Member of the National Development Council
- Incumbent
- Assumed office 2015
- President: Andrzej Duda

Vice chairman of the Gdańsk City Council
- Incumbent
- Assumed office 2014

Member of the Gdańsk City Council from the 2nd District
- Incumbent
- Assumed office 2014

Personal details
- Born: Piotr Stefan Czauderna 11 August 1962 (age 64) Gdańsk, Poland
- Party: -
- Education: Gdańsk Medical University University of Provence
- Profession: Pediatric surgeon

= Piotr Czauderna =

Piotr Stefan Czauderna (born 11 August 1962) is a member of the National Development Council of Poland.
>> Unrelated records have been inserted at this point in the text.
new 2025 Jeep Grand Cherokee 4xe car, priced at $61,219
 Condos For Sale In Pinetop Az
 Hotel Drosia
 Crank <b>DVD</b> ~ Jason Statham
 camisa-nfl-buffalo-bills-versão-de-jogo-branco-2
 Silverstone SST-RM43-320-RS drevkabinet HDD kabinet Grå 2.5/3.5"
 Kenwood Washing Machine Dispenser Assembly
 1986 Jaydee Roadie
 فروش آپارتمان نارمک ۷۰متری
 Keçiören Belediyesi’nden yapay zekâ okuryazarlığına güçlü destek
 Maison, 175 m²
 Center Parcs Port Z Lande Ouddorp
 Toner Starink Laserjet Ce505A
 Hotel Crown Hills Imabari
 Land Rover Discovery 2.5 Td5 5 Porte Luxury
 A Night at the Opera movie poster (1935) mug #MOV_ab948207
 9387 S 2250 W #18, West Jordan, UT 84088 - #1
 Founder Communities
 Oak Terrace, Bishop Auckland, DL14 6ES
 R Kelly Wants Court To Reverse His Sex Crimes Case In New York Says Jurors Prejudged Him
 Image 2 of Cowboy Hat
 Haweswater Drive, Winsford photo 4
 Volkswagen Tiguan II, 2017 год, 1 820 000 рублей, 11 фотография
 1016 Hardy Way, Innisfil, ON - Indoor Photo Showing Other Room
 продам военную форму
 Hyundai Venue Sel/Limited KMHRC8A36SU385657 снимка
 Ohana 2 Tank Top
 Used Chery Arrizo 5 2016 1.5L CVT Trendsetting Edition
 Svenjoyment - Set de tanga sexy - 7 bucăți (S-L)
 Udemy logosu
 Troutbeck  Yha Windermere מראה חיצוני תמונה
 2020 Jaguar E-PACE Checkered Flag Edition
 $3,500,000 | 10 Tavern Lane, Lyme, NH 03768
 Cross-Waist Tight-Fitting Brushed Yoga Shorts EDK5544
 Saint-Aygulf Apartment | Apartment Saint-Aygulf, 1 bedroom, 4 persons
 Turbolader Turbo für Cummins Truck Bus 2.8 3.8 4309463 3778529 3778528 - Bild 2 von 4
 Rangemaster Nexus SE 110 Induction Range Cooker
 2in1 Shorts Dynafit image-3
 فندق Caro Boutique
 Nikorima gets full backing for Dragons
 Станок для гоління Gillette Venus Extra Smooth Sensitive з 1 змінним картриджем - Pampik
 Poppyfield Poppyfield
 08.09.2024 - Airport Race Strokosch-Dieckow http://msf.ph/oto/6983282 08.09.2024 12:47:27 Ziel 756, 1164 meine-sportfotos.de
He was appointed to the position by President Andrzej Duda in November 2015.

==Biography==
Czauderna was born on 11 August 1962. He is a graduate of the Gdańsk Medical University and the University of Provence. A professor of medical science since 2013, Czauderna is currently the Head of the Surgery and Urology Clinic for Children and Adolescents of the Gdańsk Medical University. He was elected to the Gdańsk City Council in 2014 from the Law and Justice party. Czauderna is the vice chairman of the Gdańsk City Council. Czauderna was appointed as a member of the National Development Council by President Andrzej Duda in November 2015.